CHer: Short answer not really because it did vary a lot.  The sources were things like Who's Who and then if we thought there was a literary estate then the WATCH File which people may or may not be familiar with which lists contacts there.  I feel slightly bad saying this as a trained librarian but things like Google and Wikipedia with the obvious caveat that, that wasn't the only source but it was things like that where you'd maybe build up a picture.  If Wikipedia tells you that these are the names of the children then you search the names of the children in Who's Who or something and see if it tells you that their father was the person that you think it was and put it all together.  Because obviously if you get nothing back then it doesn't take long but I honestly, I mean it could have been an hour or two maybe for those that were more difficult to find or when you weren't getting anything back, sorry that's a very long way of saying I'm not sure I can really put a figure on it because some were very quick and some took a lot longer.

SC: How long were you working on finding the copyright if you could say, was it a two year project how many weeks, months?Christy_Caroline

CHen: We didn't work intensively in copyright the entire time though.

CHer: No, I was juggling it with other things, so.

CHen: And also we had a big push to find a lot of people, send off a bunch of letters, and then wait and do nothing.  And then things come back and they suddenly start going oh can we have copies or our fifty letters and so that added up time.

CHer: I can tell you that if someone's got a list of about twenty files that there are letters in and you end up with the copies about an inch thick going in to the envelope, that takes at least a day, maybe more.

RD: I think one of the things to appreciate about Codebreakers is it was never a project that was designed to study rights clearance - that was not part of the brief at the start.  It was when we came in and said oh, you're doing amazing things here, let's think about the implications for rights clearance and times and costs and making life easier but that again we'll talk about next steps at the end. But I think anybody, any archivist in the room who's contemplating any kind of digitisation project that is one of the things that you might think about tracking, because that's really useful information, really useful evidence that helps us begin to think about what copyright policy should be in this space.  So if there are fudgy answers here it's because they just weren't thinking about this stuff at the start.

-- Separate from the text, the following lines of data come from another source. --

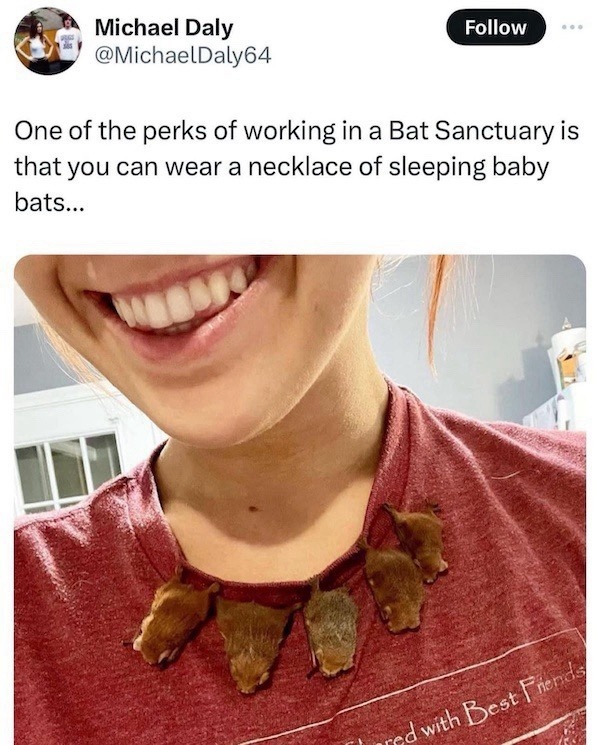 Michael Daly @MichaelDaly64 Follow One of the perks of working in a Bat Sanctuary is that you can wear a necklace of sleeping baby bats...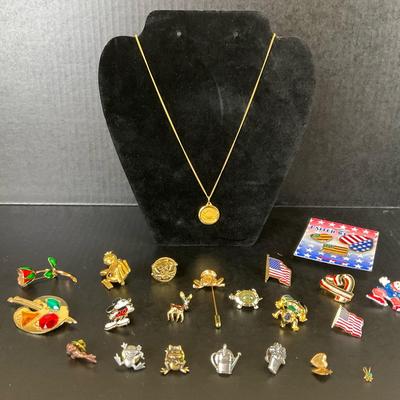 Costume Jewelry Pin and Necklace Lot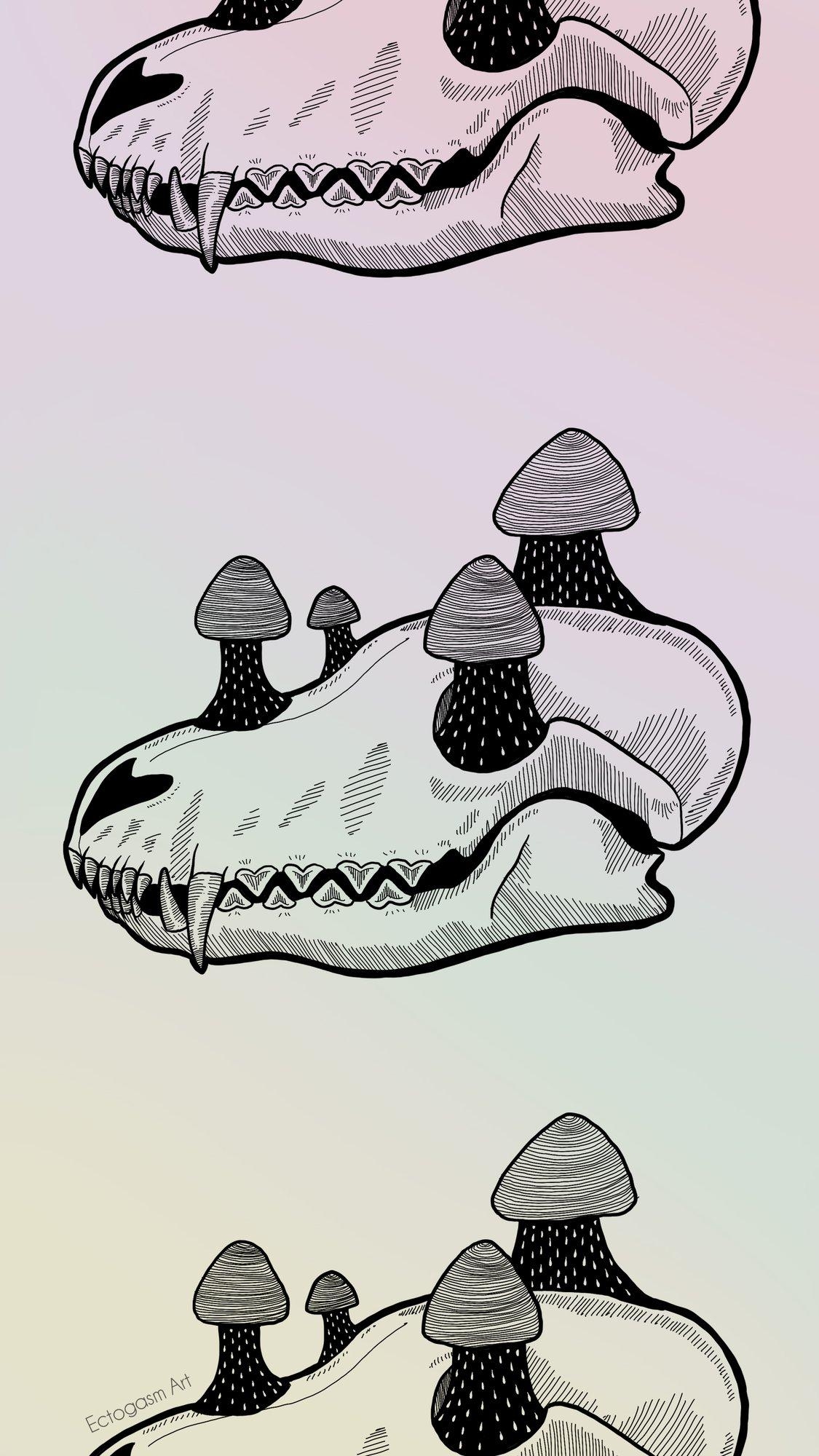 1130x2000 Fox Skull & Mushrooms Phone Wallpaper Download, Phone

CHen: And also we're kind of pre-limiting ourselves to those who are already easier to find.  If we'd suddenly opened up the floodgates and said we're going to trace every single John Smith...

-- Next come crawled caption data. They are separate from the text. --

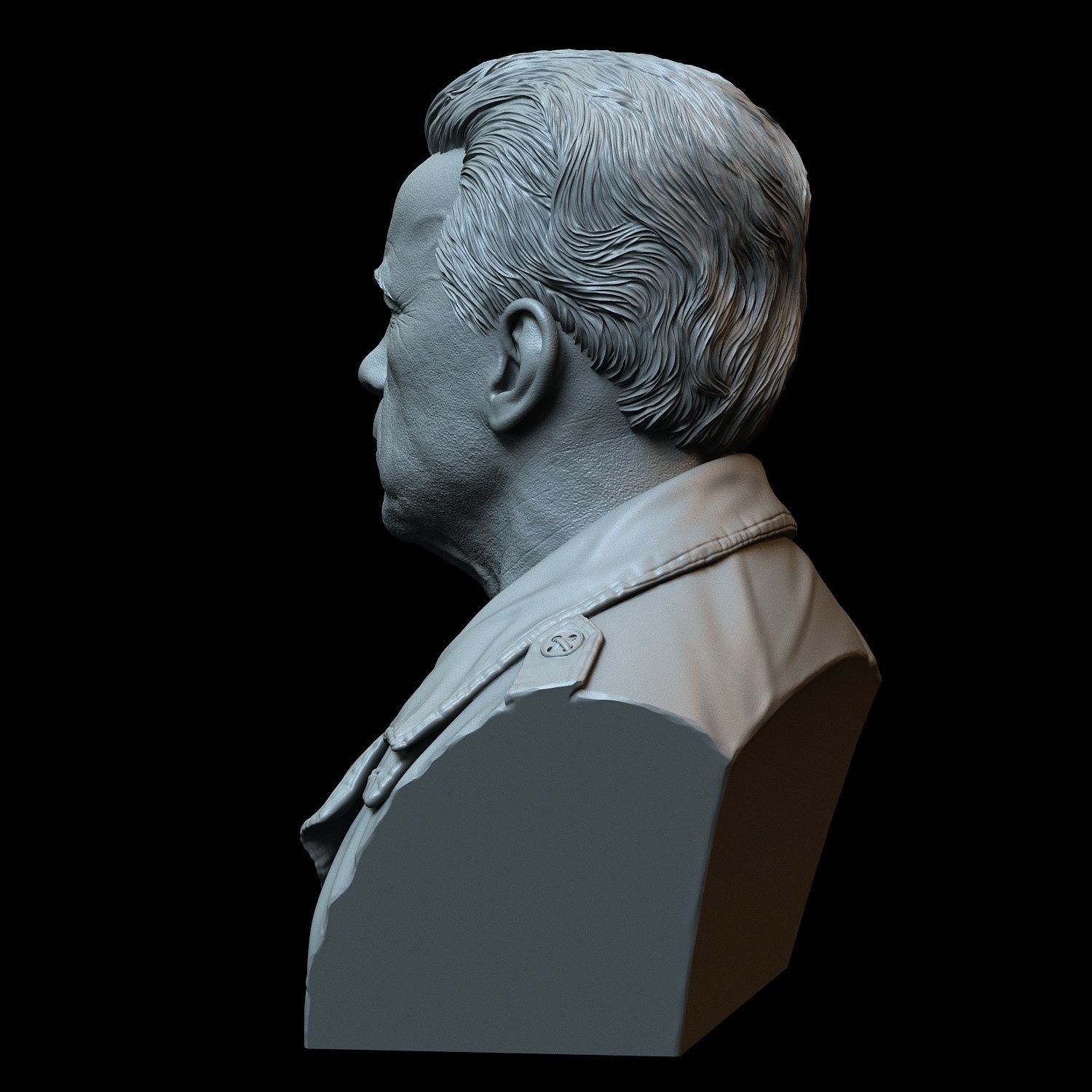 Arnold Schwarzenegger 3D print model_16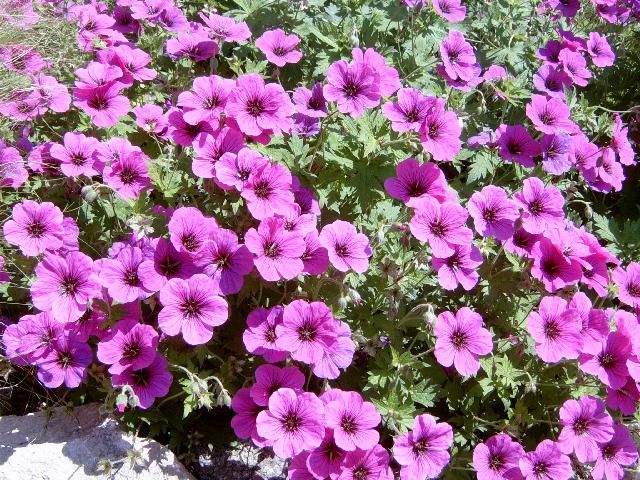 Secrets of Abundance Course 2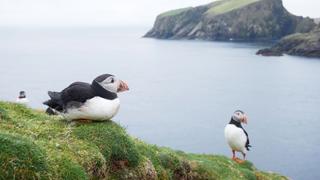 The Return of the Light The Return of the Light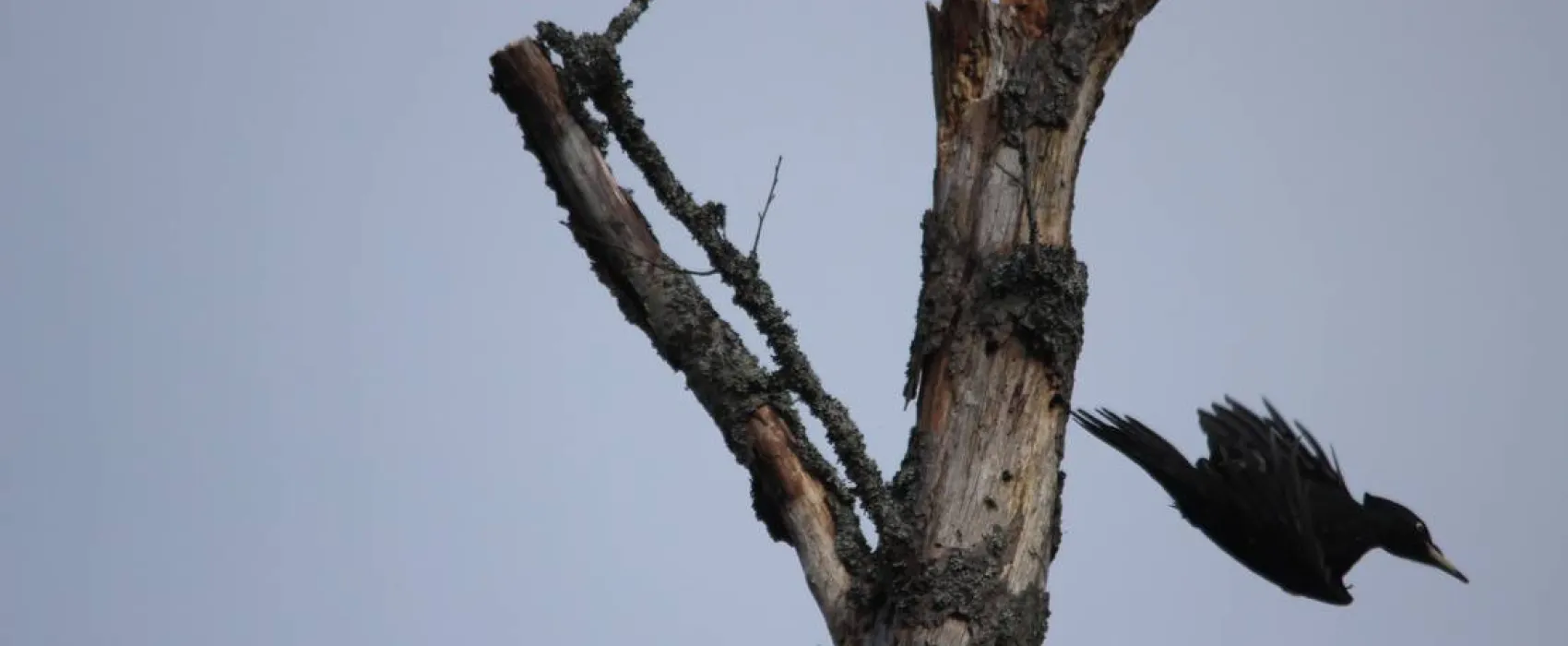 Agroecology Hutor of Komaryszkii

LR: It makes your job impossible.

CHen: It would be infinite.

RD: Okay thank you very much for your questions.  Let's take a break, we reconvene at quarter past.  We'll have a second panel, which is Victoria providing some reflections on the Codebreakers project and then a general Q and A about the nature of risk and what are appropriate risk criteria for archivists to think about when you're doing something like this. Thank you very much.